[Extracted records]
Segment Open
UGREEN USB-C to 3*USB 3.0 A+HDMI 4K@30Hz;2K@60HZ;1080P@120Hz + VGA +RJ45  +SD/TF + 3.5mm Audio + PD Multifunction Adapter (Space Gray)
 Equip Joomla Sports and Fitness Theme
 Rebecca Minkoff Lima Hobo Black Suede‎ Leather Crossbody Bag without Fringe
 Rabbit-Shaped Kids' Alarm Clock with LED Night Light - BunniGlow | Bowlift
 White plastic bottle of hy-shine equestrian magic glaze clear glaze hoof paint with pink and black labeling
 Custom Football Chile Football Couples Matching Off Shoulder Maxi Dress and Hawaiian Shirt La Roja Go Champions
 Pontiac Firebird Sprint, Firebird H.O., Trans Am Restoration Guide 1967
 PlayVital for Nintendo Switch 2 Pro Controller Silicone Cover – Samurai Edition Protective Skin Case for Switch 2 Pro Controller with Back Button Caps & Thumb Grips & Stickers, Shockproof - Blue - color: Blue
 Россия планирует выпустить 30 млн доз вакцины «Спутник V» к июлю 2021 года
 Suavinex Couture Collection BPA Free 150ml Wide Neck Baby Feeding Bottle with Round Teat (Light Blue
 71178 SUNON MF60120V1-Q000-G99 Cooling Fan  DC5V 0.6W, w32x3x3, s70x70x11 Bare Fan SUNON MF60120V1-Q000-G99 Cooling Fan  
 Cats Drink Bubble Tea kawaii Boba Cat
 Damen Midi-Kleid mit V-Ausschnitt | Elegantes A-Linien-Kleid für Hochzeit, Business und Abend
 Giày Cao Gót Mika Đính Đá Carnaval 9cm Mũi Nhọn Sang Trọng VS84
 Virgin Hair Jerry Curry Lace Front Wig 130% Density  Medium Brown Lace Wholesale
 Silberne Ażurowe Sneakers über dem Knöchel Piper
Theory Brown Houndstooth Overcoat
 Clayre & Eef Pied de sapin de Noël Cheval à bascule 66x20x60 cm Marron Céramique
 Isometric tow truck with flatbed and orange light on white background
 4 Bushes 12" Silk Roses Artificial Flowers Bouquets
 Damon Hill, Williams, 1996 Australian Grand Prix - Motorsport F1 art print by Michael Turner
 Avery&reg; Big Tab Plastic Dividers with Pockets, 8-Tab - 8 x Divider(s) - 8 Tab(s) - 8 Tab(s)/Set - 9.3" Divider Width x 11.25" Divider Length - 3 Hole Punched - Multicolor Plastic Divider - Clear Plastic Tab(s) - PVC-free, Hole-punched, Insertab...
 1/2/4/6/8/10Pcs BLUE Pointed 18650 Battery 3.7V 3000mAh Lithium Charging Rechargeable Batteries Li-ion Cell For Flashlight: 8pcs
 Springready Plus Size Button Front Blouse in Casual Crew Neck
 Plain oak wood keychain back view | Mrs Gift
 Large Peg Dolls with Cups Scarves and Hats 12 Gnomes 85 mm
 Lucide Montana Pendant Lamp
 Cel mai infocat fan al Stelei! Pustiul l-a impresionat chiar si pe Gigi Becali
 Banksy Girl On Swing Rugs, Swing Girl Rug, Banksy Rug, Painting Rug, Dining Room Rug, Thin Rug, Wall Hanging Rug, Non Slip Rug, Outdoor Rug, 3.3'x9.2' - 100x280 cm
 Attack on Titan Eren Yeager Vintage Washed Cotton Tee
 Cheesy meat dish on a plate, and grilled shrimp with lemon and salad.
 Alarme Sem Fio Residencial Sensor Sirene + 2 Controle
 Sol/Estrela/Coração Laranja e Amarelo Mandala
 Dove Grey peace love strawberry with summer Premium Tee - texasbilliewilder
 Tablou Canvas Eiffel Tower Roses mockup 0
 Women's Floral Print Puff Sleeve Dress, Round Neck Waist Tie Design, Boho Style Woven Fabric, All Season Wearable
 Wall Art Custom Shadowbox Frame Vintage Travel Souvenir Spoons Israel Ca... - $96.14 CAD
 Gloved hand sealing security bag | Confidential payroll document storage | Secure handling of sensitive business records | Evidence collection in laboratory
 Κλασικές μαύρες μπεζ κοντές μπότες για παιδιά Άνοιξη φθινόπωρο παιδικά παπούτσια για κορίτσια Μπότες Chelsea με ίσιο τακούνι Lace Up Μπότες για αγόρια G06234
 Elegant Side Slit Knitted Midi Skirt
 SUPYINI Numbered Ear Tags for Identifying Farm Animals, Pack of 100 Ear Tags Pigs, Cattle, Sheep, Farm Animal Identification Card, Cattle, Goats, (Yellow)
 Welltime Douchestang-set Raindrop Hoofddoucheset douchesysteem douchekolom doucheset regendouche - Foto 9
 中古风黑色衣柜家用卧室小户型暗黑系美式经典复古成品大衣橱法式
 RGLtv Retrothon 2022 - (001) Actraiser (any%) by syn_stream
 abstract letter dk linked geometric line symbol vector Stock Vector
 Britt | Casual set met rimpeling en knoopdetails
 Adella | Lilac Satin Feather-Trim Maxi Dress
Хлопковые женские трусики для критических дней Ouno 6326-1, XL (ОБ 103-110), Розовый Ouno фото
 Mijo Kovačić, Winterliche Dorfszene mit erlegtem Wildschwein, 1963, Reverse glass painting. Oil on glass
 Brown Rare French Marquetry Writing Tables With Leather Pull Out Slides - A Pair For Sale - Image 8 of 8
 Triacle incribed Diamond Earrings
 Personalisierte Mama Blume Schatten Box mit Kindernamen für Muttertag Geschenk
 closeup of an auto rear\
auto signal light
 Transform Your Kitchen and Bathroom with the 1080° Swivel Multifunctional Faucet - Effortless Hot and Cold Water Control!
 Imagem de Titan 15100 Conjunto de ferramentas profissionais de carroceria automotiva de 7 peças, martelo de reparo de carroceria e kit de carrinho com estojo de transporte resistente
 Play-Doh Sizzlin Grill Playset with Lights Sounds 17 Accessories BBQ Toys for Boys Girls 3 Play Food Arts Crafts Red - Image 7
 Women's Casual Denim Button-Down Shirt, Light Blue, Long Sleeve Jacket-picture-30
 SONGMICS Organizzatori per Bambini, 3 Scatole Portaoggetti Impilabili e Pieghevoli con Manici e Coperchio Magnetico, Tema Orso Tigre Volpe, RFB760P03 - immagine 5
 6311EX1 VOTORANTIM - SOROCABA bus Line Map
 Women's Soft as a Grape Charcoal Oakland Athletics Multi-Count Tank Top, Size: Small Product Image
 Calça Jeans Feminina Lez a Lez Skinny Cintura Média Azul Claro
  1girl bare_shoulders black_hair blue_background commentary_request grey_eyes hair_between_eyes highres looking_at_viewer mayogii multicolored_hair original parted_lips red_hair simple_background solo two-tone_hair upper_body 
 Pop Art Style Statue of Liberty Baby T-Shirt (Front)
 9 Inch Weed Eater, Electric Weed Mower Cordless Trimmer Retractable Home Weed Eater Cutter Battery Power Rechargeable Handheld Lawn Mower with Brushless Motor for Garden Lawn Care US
Segment Closed
# DIRECTIONS:
Proceeding from the line containing "Россия планирует выпустить" through the line containing "Damen Midi-Kleid mit", transcribe the lines above exactly, both end lines included.

# SOLUTION TO THIS EXERCISE:
 Россия планирует выпустить 30 млн доз вакцины «Спутник V» к июлю 2021 года
 Suavinex Couture Collection BPA Free 150ml Wide Neck Baby Feeding Bottle with Round Teat (Light Blue
 71178 SUNON MF60120V1-Q000-G99 Cooling Fan  DC5V 0.6W, w32x3x3, s70x70x11 Bare Fan SUNON MF60120V1-Q000-G99 Cooling Fan  
 Cats Drink Bubble Tea kawaii Boba Cat
 Damen Midi-Kleid mit V-Ausschnitt | Elegantes A-Linien-Kleid für Hochzeit, Business und Abend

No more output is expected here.